Although glutamate has long been known to stimulate GnRH neuronal activity in animal models, whether it is directly involved in determining pubertal timing remains unclear . Similarly, while the hormone leptin is required for normal pubertal onset in humans, it seems unlikely to play a role in determining pubertal timing, as discussed above. (See 'Body fat and leptin' below.)
●Inhibitors of GnRH secretion – Patients with precocious puberty provide insight into potential inhibitors of GnRH secretion.
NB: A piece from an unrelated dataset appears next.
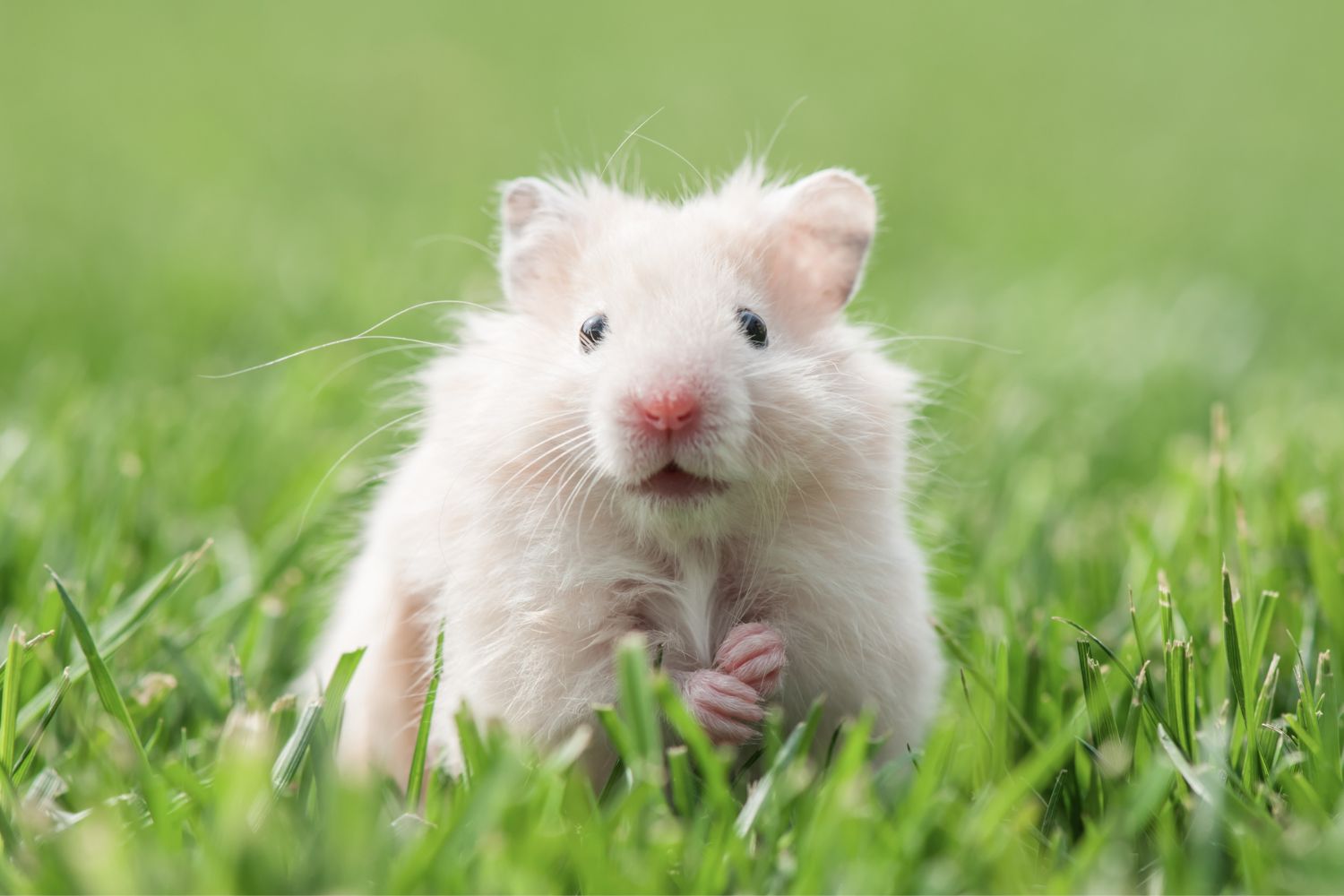 hamsters in the geen grass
It has long been recognized that lesions of the central nervous system can cause precocious puberty (see "Definition, etiology, and evaluation of precocious puberty"). This implies that pathways within the central nervous system suppress GnRH neuronal activity during childhood, such that disruption of these pathways results in precocious puberty, though the precise identity of these pathways remains obscure.
Mediators for an inhibitory influence on GnRH secretion include:
•Gamma-aminobutyric acid (GABA) is a neurotransmitter that appears to play an important role in these inhibitory pathways. In rhesus monkeys, secretion of GABA in the hypothalamus decreases across the pubertal transition , and pharmacologic disruption of signaling through the GABAA receptor induces early puberty .
•Loss-of-function mutations in the MKRN3 gene have been found to be a genetic cause of central (GnRH-dependent) precocious puberty . MKRN3 is maternally imprinted (ie, only the paternal allele is expressed); mutations in MKRN3 therefore cause precocious puberty only if inherited from the father. MKRN3 encodes makorin ring finger protein 3, a protein that may have a role in ubiquitination (addition of the protein ubiquitin to target proteins, which have yet to be identified). In mice, Mkrn3 expression decreases around the time of sexual maturation, suggesting that this gene has a role in suppressing reproductive endocrine function prior to puberty. In humans, mutations in MKRN3 have been found in approximately one-third of familial cases of precocious puberty and approximately 3 percent of sporadic cases [69,70].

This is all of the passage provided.